§ WHAT IS NEEDED
State how many lines of the listing below include the word "High". Give only the number.

[[ STORED DATA, beginning ]]

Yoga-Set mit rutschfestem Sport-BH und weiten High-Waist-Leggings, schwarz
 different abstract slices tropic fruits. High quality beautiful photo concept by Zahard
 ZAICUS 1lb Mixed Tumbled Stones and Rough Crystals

[[ STORED DATA, end ]]

§ ANSWER SECTION
2